TASK INSTRUCTIONS -
Quote, word for word, the line containing "充满iPhone XS Max只需2.5小时！PowerWave" and all lines that follow it to the end of the records, with no pictures.

** RECORDS PROVIDED follows **

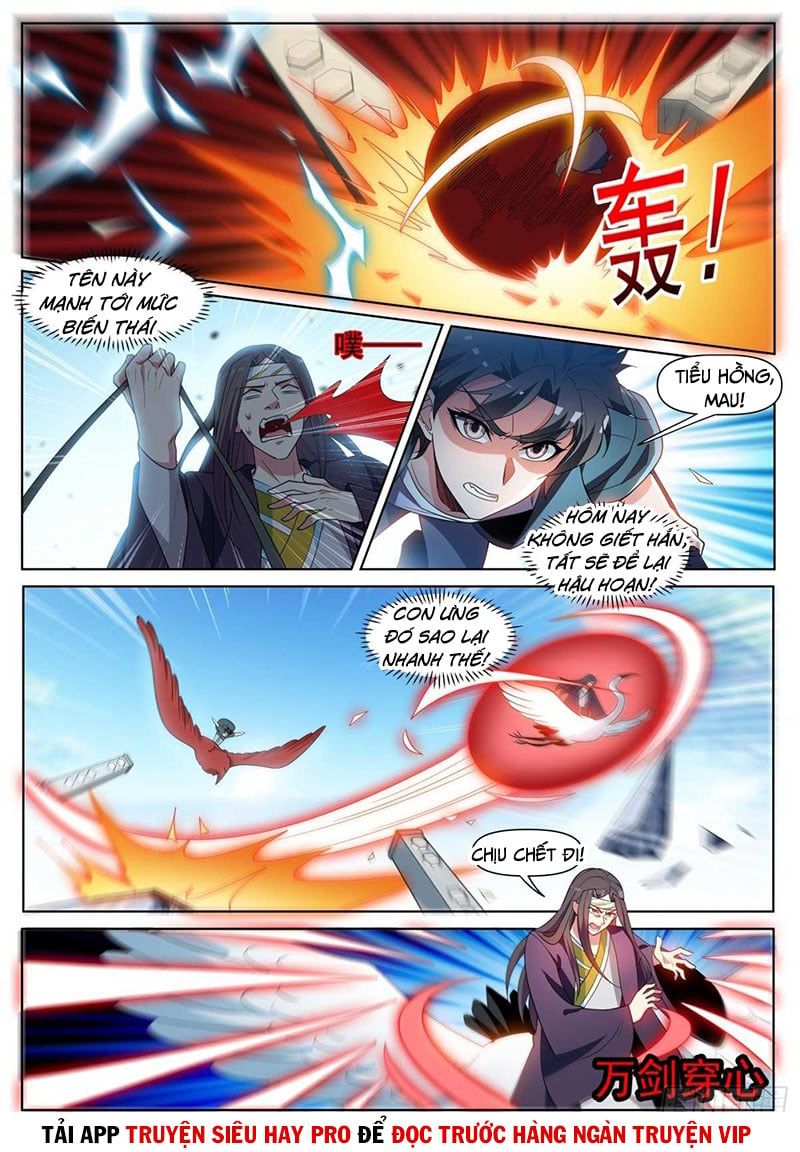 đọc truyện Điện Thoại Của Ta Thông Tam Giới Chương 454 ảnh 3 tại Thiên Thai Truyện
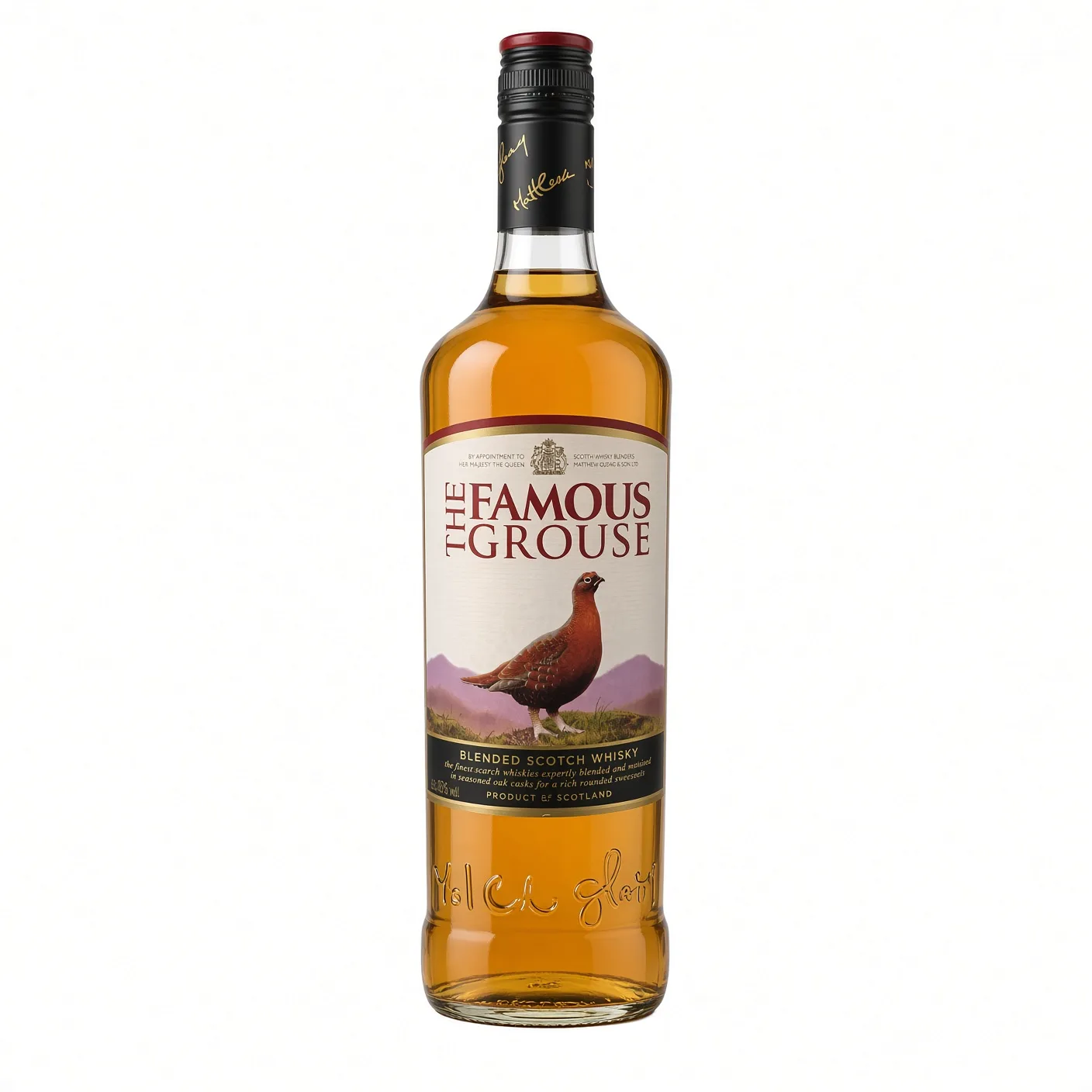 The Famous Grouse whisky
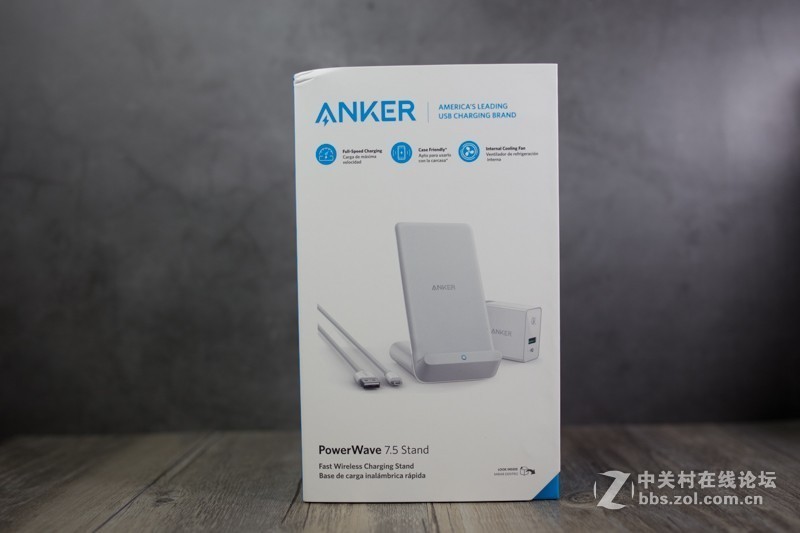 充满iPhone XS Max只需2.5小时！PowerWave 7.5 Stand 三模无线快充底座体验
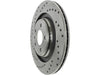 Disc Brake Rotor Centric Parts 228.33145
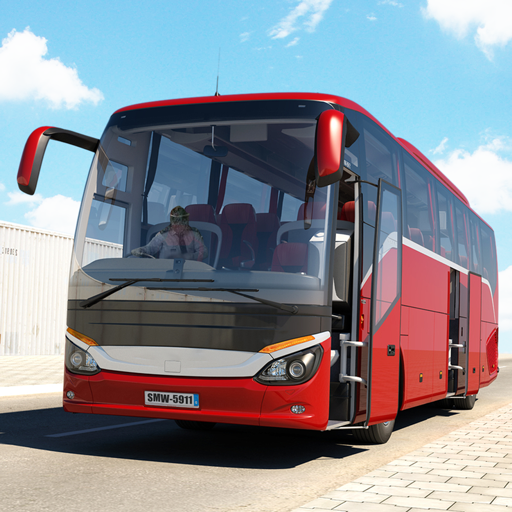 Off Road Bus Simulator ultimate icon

** End of RECORDS PROVIDED **

WRITTEN ANSWER -
 充满iPhone XS Max只需2.5小时！PowerWave 7.5 Stand 三模无线快充底座体验
 Disc Brake Rotor Centric Parts 228.33145
 Off Road Bus Simulator ultimate icon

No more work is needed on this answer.